According to the DOH, Florida’s state-level COVID-19 Vaccination Planning Workgroup was assembled through coordination of staff from the department’s Bureau of Preparedness and Response and the Immunization Section. Other staff were added to the group based on their subject matter expertise. Florida also has a CHD (County Health Department) COVID-19 Vaccination Workgroup comprised of CHD health officers, directors of nursing and preparedness staff from counties throughout the state, both urban and rural. Each CHD has an incident management team focused on local implementation of statewide vaccine strategies.
The vaccination plan states the DOH is engaging with a variety of internal and external partners regarding COVID-19 vaccine planning through both established public health partnerships and the State Emergency Operations Center.
Activities related to specific target groups include pharmacies, correctional and detention facilities, homeless shelters, community-based organizations, long-term care facilities, public safety agencies and hospitals.
The DOH currently classifies this time as “Phase 1” meaning “potentially limited doses.” Phase 2 is defined as having enough doses to “likely” meet demand, while Phase 3 sees “likely sufficient supply, slowing demand.”

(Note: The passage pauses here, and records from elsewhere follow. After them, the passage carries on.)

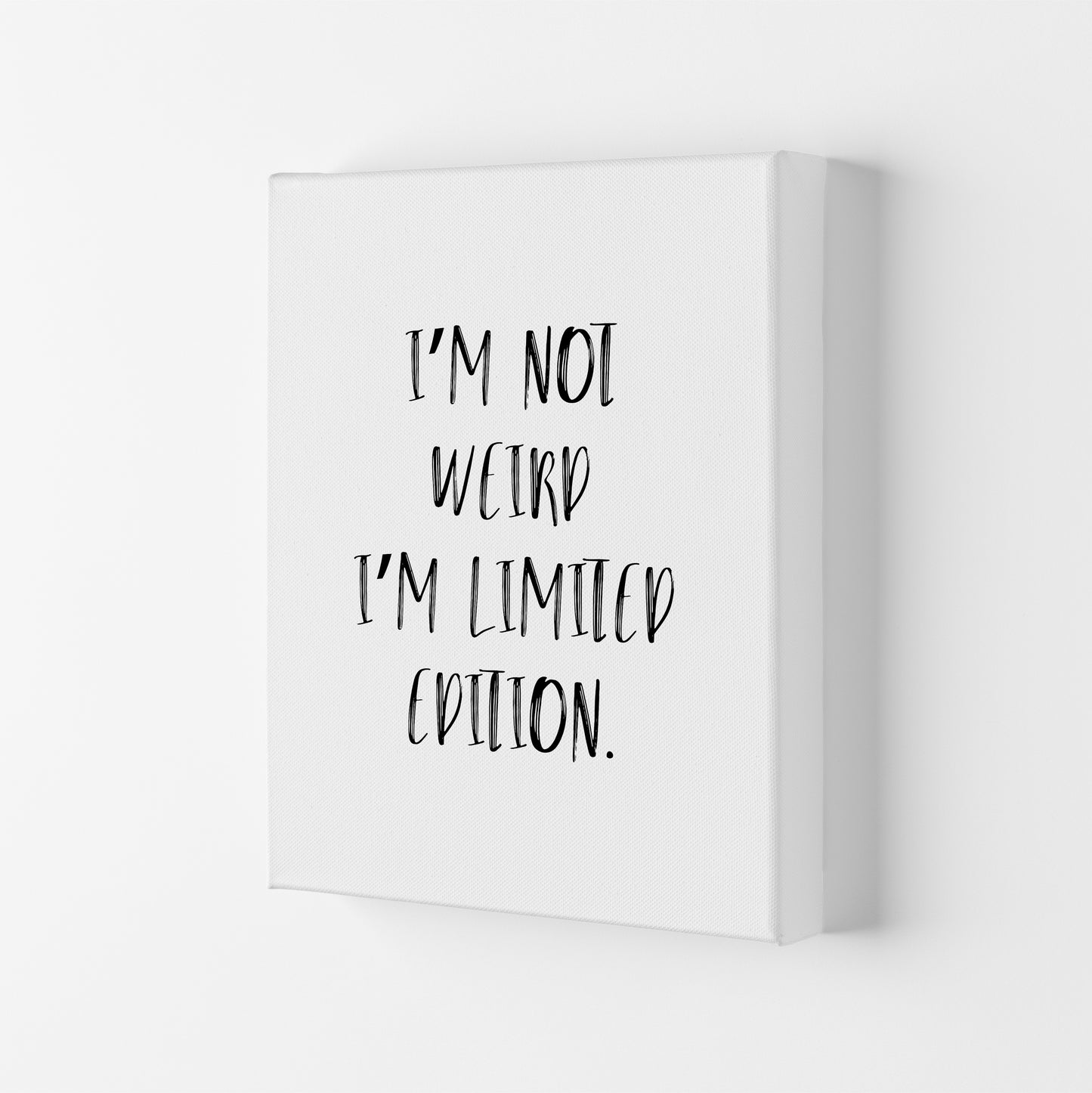 I'M Not Weird Art Print by Pixy Paper Canvas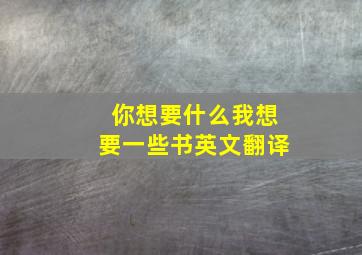 你想要什么我想要一些书英文翻译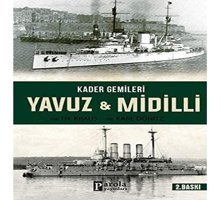 Kader Gemileri Yavuz Ve Midilli Yrb. Karl Dönitz Parola Yayınları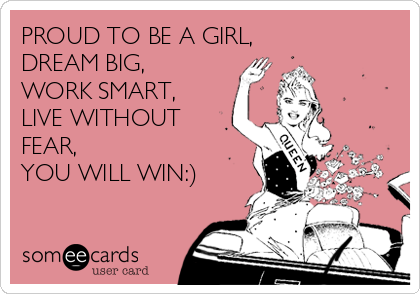 PROUD TO BE A GIRL,
DREAM BIG,
WORK SMART,
LIVE WITHOUT
FEAR, 
YOU WILL WIN:)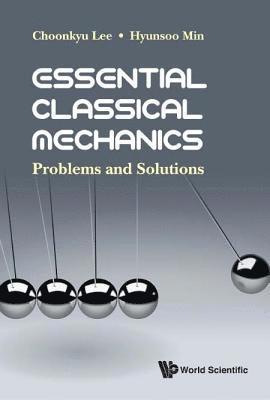 Choonkyu Lee, Hyunsoo Min, Korea) Lee, Choonkyu (Seoul Nat'l Univ, Korea) Min, Hyunsoo (Univ Of Seoul, LEE CHOONKYU, Lee Choonkyu - Essential Classical Mechanics: Problems And Solutions, Häftad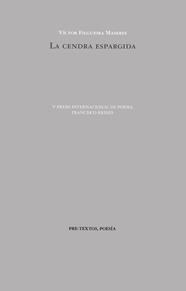CENDRA ESPARGIDA, LA | 9788410309715 | FILGUEIRA MASERES, VÍCTOR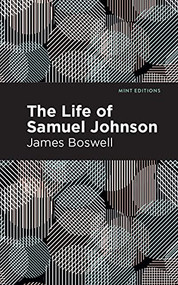 The Life of Samuel Johnson by James Boswell, Mint Editions, 9781513268569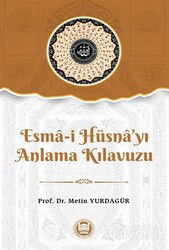 Esma-i Hüsna'yı Anlama Kılavuzu - M.Ü. İlahiyat Fak. Vakfı Yayınları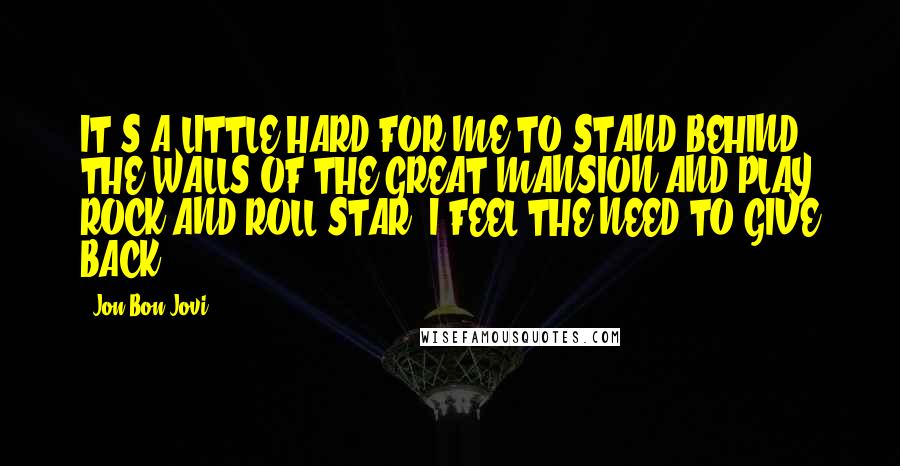 Jon Bon Jovi Quotes: IT'S A LITTLE HARD FOR ME TO STAND BEHIND THE WALLS OF THE GREAT MANSION AND PLAY ROCK AND ROLL STAR. I FEEL THE NEED TO GIVE BACK.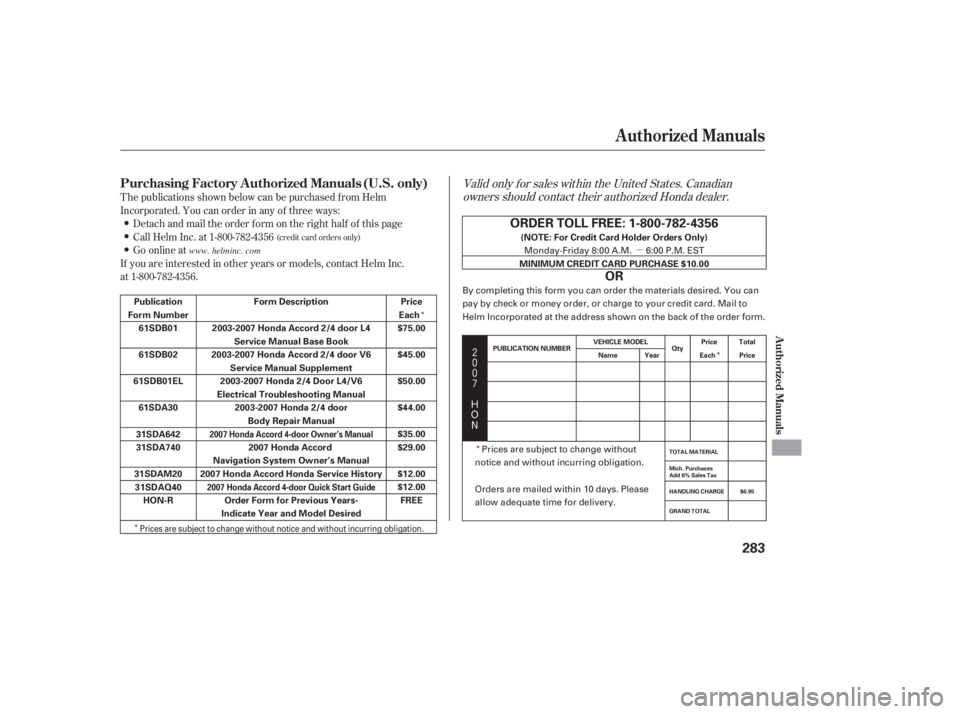 HONDA ACCORD SEDAN 2007  Owners Manual (in English) 




$
#
T he publications shown below can be purchased f rom Helm
Incorporated. You can order in any of three ways:
Detach and mail the order f orm on the right half of this page
Call Hel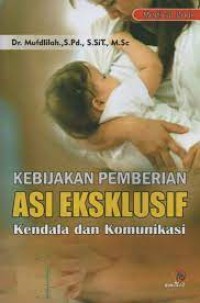Kebijakan pemberian ASI eksklusif : kendala dan komunikasi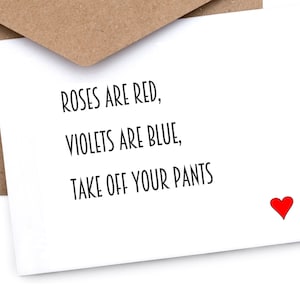 Roses are red, take off your pants | Naughty | Love | Romance | Valentine’s Day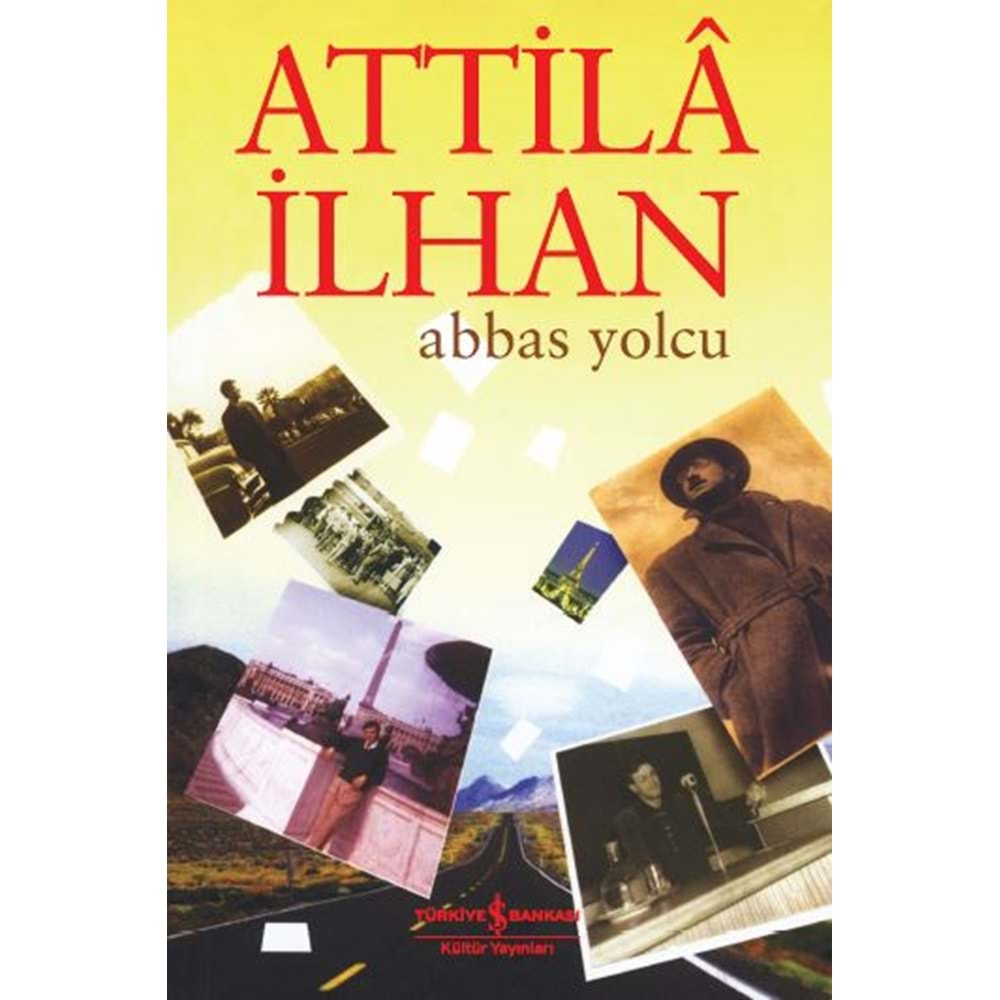 ABBAS YOLCU - ATİLLA İLHAN -İŞ BANKASI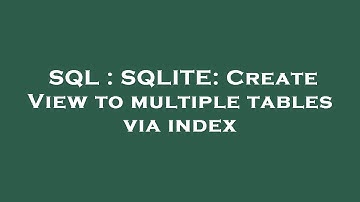 SQL : SQLITE: Create View to multiple tables via index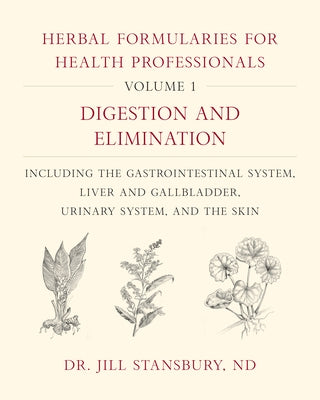 Herbal Formularies for Health Professionals, Volume 1: Digestion and Elimination, Including the Gastrointestinal System, Liver and Gallbladder, Urinar by Stansbury, Jill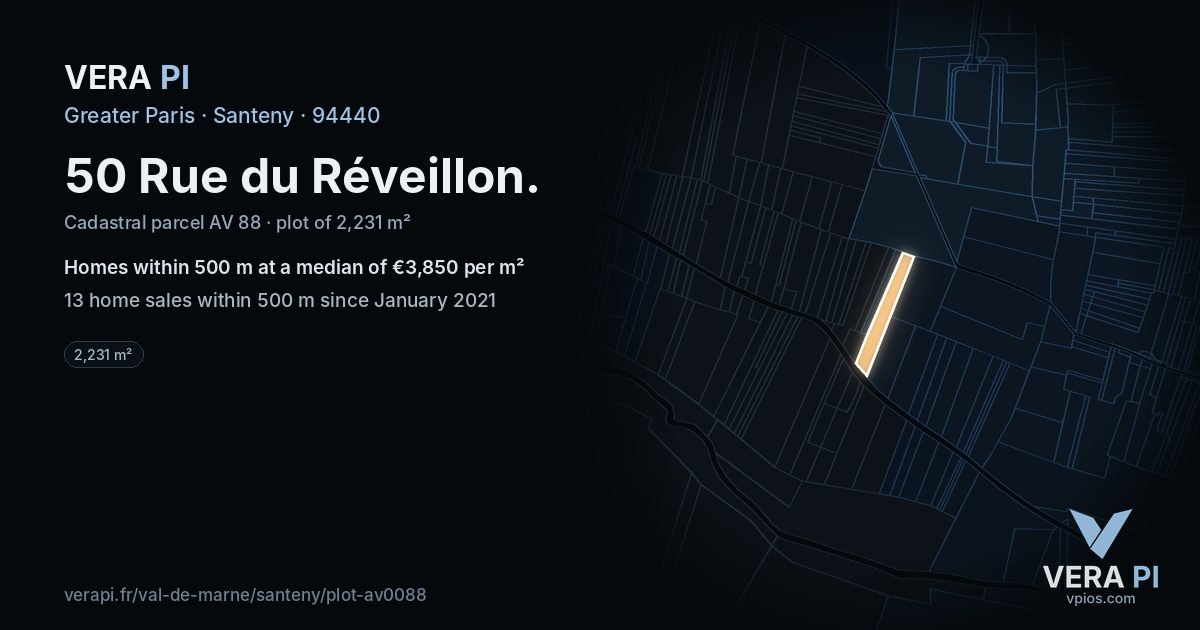 50 Rue du Réveillon, Santeny at night – the plot lit, the parcels around coloured by the prices near them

Phase 1 is currently defined as vaccines going to hospitals, long-term care staff and residents and first responders and critical infrastructure.
As for Phase 2, the plan states, “As more vaccine becomes available, traditional VFC and VFA providers, including pediatricians, primary care providers and pharmacies will receive doses. It is likely that in this phase, the CHDs will open Public Mass Vaccination Clinics, and the department and/or Florida’s Division of Emergency Management might open such clinics to ensure there is equitable distribution of the vaccine, in the same way COVID-19 testing was made available.
“Once the vaccine is widely available and demand for the vaccine stabilizes, the state will transition to providing the vaccine through routine health care delivery systems, including commercial pharmacies. CHDs will continue to offer vaccine clinics that are open to all members of the public as needed to meet vaccination goals.”
As far as the vaccine quantities being distributed throughout the process, the DOH’s plan states, “Vaccine administration capacity is being estimated through targeted surveys sent out to key partners. The first survey was sent to hospitals and asks about their facility’s vaccine storage capacity (refrigerated, frozen and ultra-cold), as well as their capacity to vaccinate. Similar surveys are being developed for pharmacies and EMS providers and ask about storage and vaccination capacity. A survey for CHDs is under development to understand their capacities for storage and vaccination.”
The need for this particular vaccine to be stored and transported in colder-than-normal temperatures has also been addressed in the state’s plan. It states, “Adherence to cold chain requirements will be required of providers for refrigerated and frozen vaccines. In Phases 2 and 3, providers will be asked to use a continuous data vaccine temperature monitoring system and submit their temperature log data before their requests for vaccine will be approved.
“Vaccine storage and handling procedures will abide by guidance in the CDC VFC Storage and Handling Toolkit. Further guidance related to storage and handling of an ultra-cold chain vaccine will be necessary as it becomes available. Temperature reports from providers will be checked prior to order requests being approved or allocations sent. Providers must upload temperature reports weekly into Florida SHOTS (centralized online immunization information system) and immediately notify the VFC (vaccines for children) help desk of any excursions.”